Give again, word for word, each line below starting at the one that contains "I need to think" and ending at the one that contains "Then click on".

### DATA EXTRACT
━━━━

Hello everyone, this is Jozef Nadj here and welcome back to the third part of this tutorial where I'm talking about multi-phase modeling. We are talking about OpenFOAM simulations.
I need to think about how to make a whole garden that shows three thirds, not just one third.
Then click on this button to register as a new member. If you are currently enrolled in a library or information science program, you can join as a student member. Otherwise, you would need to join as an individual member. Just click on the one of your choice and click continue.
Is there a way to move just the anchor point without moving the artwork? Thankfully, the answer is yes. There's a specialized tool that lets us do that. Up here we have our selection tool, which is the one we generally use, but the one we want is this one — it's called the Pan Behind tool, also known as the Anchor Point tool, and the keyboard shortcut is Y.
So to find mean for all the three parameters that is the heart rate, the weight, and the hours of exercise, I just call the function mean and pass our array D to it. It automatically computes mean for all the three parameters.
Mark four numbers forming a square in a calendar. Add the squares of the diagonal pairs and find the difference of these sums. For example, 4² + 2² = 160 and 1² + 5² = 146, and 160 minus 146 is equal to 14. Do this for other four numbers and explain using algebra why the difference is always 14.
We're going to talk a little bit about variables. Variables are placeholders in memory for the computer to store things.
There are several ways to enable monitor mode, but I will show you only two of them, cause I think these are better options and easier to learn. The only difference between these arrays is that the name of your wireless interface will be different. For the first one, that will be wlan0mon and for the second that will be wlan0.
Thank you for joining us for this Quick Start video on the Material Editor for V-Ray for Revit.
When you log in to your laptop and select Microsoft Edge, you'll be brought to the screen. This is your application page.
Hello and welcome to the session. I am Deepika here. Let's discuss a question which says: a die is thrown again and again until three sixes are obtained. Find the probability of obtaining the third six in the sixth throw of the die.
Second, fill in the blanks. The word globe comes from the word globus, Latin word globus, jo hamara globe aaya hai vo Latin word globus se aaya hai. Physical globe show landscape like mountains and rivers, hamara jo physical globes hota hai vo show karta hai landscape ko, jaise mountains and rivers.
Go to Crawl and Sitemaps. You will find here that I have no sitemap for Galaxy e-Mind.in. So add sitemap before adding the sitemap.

━━━━

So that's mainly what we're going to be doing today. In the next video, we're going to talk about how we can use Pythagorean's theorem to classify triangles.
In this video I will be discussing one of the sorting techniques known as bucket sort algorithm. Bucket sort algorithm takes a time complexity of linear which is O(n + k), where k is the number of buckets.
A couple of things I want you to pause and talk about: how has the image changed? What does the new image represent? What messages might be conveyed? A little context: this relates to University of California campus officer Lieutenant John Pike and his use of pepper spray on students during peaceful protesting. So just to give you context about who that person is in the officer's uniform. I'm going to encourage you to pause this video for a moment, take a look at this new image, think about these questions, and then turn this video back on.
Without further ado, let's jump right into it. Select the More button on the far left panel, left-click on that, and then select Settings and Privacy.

━━━━

### YOUR SOLUTION
I need to think about how to make a whole garden that shows three thirds, not just one third.
Then click on this button to register as a new member. If you are currently enrolled in a library or information science program, you can join as a student member. Otherwise, you would need to join as an individual member. Just click on the one of your choice and click continue.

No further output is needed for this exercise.